Les peintres décorateurs des théâtre municipaux - 524 W 331 et 585

 
Giroflé Girofla
48 FI 56 - Giroflé Girofla de Charles Lecocq 
 

Que l’on fasse des recherches, que l’on classe un fonds d’archives ou que l’on monte une exposition, l’intérêt des dossiers de carrière est évident à maints égards ; c’est en effet lorsque l’on y accède par le biais d’une thématique précise qu’ils dévoilent toute leur richesse.

En 2008, deux fonds contenant des dossiers de réalisation de décors d’opéra et de théâtre sont entrés aux Archives municipales, sans inventaire ni information sur leurs origines et leurs auteurs, si ce n’est que, dans leur grande majorité, ils avaient été réalisés pour le théâtre des Célestins et l’opéra de Lyon au 19ème siècle. Dans la foulée, une exposition, « Spectaculaire… », fut programmée.

Comment aborder ce fonds de décors et le classer ?

La plupart de ces décors sont de véritables œuvres d’art ; ce d’autant plus que triomphe, au cours du 19ème siècle, le genre du Grand Opéra caractérisé, entre autres, par le recours à de somptueux décors et à des effets de scène spectaculaires pour soutenir l’action dramatique.

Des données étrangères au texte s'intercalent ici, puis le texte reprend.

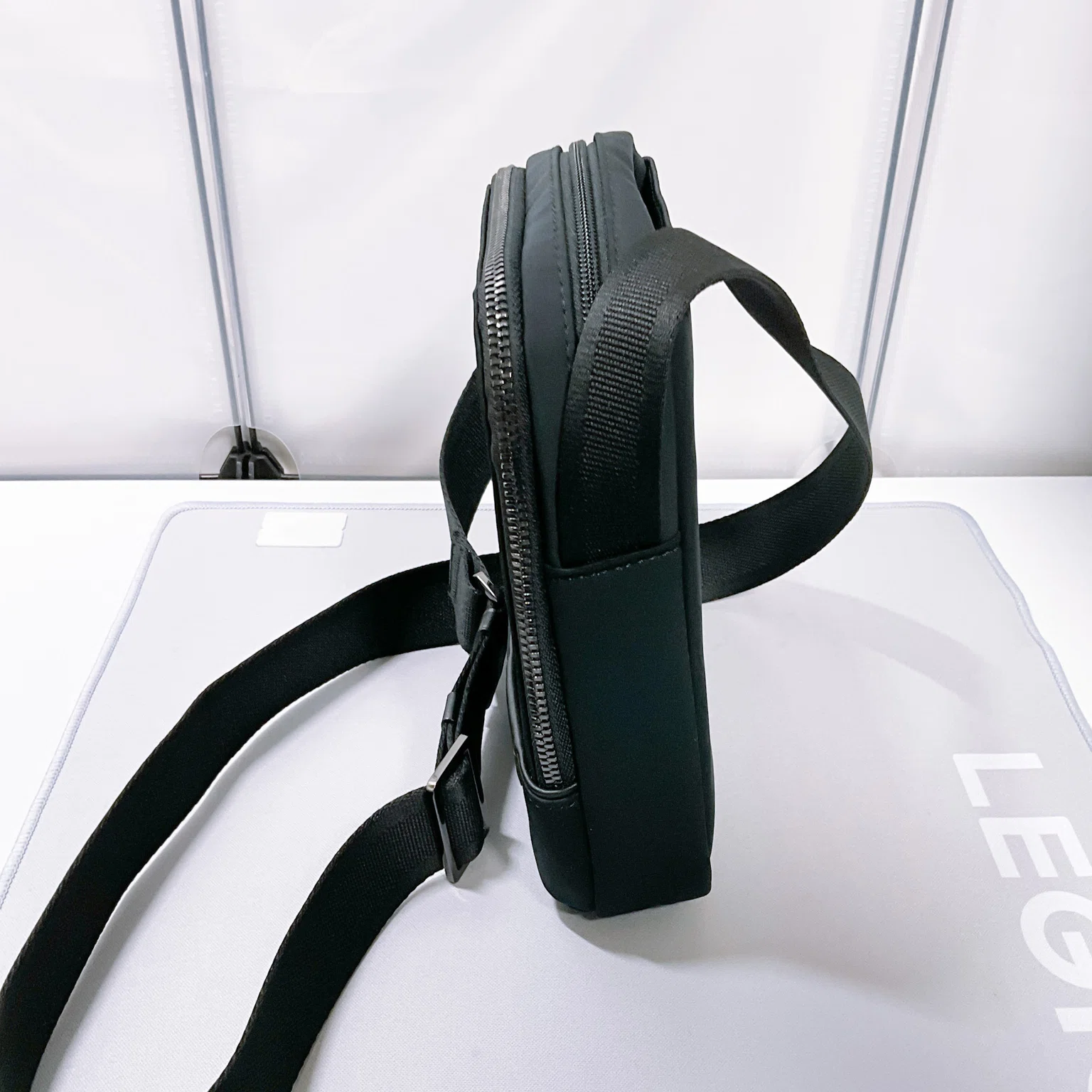TUMI】HARRISON「ニコルス」スモール・クロスボディ レビュー【最低限 
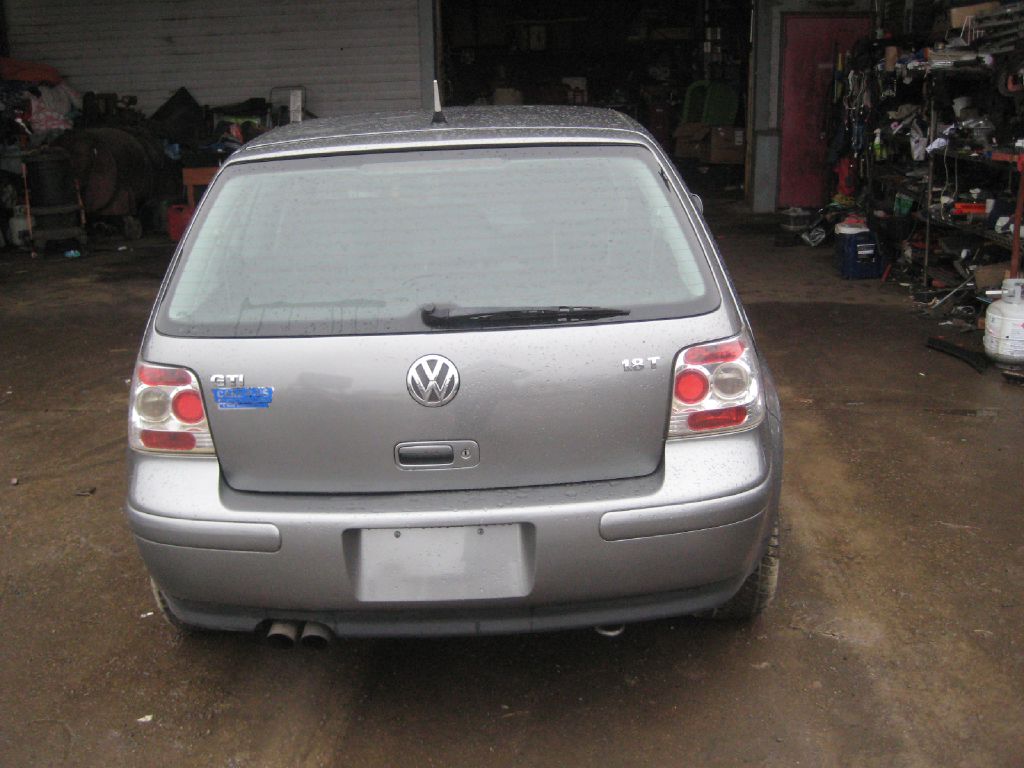 Photo 6 of this VOLKSWAGEN GTI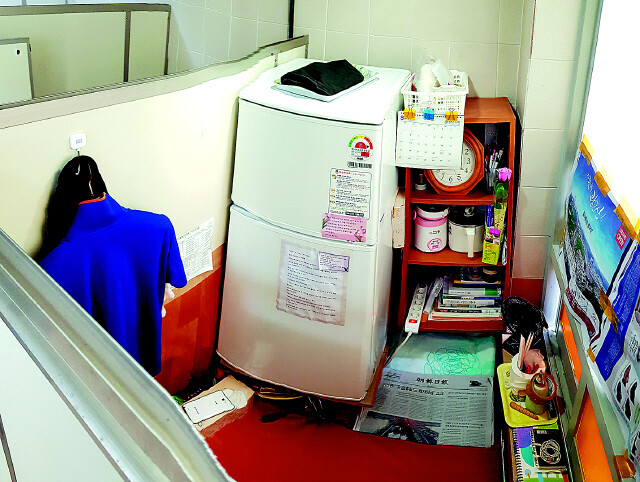 화장실 안에 있는 한 대학 청소노동자 휴게실. <한겨레> 자료사진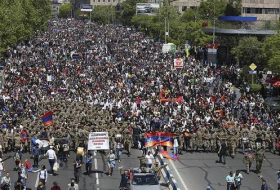 «Достижение» бархатной революции: власти богатеют на фоне роста смертности в армянской армии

A Paris, les décors sont réalisés en atelier par des artistes réputés à partir d’esquisses puis de maquettes avant d’être transposés en grandeur nature et fixés sur des châssis en bois par les machinistes du théâtre. Pour la représentation, on achemine les décors sur voiture à cheval depuis l’atelier des décorateurs.

Mais qu’en est-il à Lyon ? Qui sont les peintres décorateurs auteurs de ces très beaux décors conservés aux Archives municipales ? Quelles sont la formation et l’origine géographique et sociale de ces peintres ? La Ville louait-elle les décors ou les faisait-elle réaliser pour ses propres besoins ?

Ce sont autant de questions auxquelles les informations contenues dans les dossiers de carrière, combinées avec celles provenant des archives des services, permettent d’apporter un certain nombre de réponses.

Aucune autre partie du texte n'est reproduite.